Depending on how it is installed, the default may not be basic, but trial.
- if you set that trial, you will know the implications and what settings to change
- if something else set up that trial, then thirty days later you may
- not know why it's not working
- not know what settings to change to make it work under the basic license
You would get something like "Current license is non-compliant for search application and behavioral analytics. Current license is active basic license".
Either buy a license, or disabling those features:
Logs seem to refer to "Elasticsearch Search and Analytics" -- which seemed to just be a confusing name for the machine learning and alerting stuff)}}
xpack.ml.enabled: false xpack.graph.enabled: false xpack.watcher.enabled: false
(note: I expect this to be outdated information)
(It doesn't help that X-pack is hard to explain because what it is changed a lot over the years)
In more serious installations
Around self-hosting there are two or three variants: Basic, platinum, and enterprise (Gold is gone?)
- Basic is perfectly good for smaller scale
- the differences between platinum and enterprise mostly matter once you do this on large scale [2]
From an "I don't care about jargon and legalese" perspective,
- you can get a managed cloudy thing - split into a few variants
- or you can self-host - also split into a few variants (not quite the same?)
License details
The core functionality is essentially free and mostly open.
ES used have more proprietary parts, which seems to be so that they can sell a fancier variant for money.
From a FOSS view, this makes parts less open and more source-available.
From a practical view:
- When you're adding search to a hobby project, that's all you care about.
- When you're a business, the subscription that makes it easier to run at larger scale is clearly worth it.
Relatedly, they use a custom license.
Or rather, a choice between:
- SSPL
- a more-viral, less-open variant of the AGPL
- also meaning you cannot use(verify)/sell this as service with the ES branding removed
- Elastic License
- not open
This seems primarily related to Amazon essentially selling ES without really crediting ES (or helping its development).
Around 2021, ES changes its license from Apache2 to SSPL - similar to AGPL but a little more aggressive
at pointing out that when you provide ES as a service and remove the ES markings, you cannot use the free license.
Which apparently just prompted(verify) Amazon to fork a slightly earlier version it into its own OpenSearch[3] (the SSPL seems made for another such case, MongoDB, and similarly Amazon just forked to DocumentDB(verify))
Install
"max virtual memory areas vm.max_map_count is too low"

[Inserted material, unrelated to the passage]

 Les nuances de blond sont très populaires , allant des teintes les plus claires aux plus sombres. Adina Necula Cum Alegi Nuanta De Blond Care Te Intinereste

Setup details you may want to think about before you find out you have to bring the whole thing down for a while, and/or redo that huge index
Note that among all the settings in ES,
- some are dynamic (changed on the fly)
- some are static (basically set in files, and may have more considerations to changing them)
...so you may want to go through at least some of the more static ones before you deploy something large.
Consider security
This matters ore around multitenancy, or when your ES deployment is on a different provider (e.g. public cloud deployment), and may not be necessary within your own cloudiness.
Ease of management
Some implementation details you'd want to know
tl;dr
- you send in documents. You get back documents.
- documents can be seen as JSON with field:value
- a document is added to an index
- you can have one or more indexes
- more indexes is useful if you have different kinds of documents you want handled differently and/or searched separately
- each an index has a mapping, which constrols
- how it transforms each field
- whether it indexes the value
- whether it stores the value
- you can search one or more indexes at a time
- if you need scaling, you can have indexes spread over multiple computers
The major moving parts
Some terminology
(note that the core of this comes from the underlying lucene)
mapping -
- tells ES how to interpret data for each individual field (is a schema or data dictionary if you prefer)
- e.g. mentions data types, whether to index on it and/or whether to (just) store it to return
- if a field is not already defined in the mapping by you, it will adds fields as you mention them, with types guessed based on the first value it sees
field - a distinct thing in the mapping
- (usually) indexed to be searchable
- (usually) fetchable
- (there are some field type variants - see below)
document - individual document handed to be indexed; individual document handed back in search results are both called a document
- think of this as a collection of fields, in JSON form
- note: most fields can have zero or more values in a document, though in a lot of practical cases it's practically just one, and in a few cases it's restricted to just one
- (the original JSON you asked it to index is also stored in _source)
index
- if you squint, a grouping of documents - a collection you search as a whole
- you can have multiple indexes a per cluster (and easily want to)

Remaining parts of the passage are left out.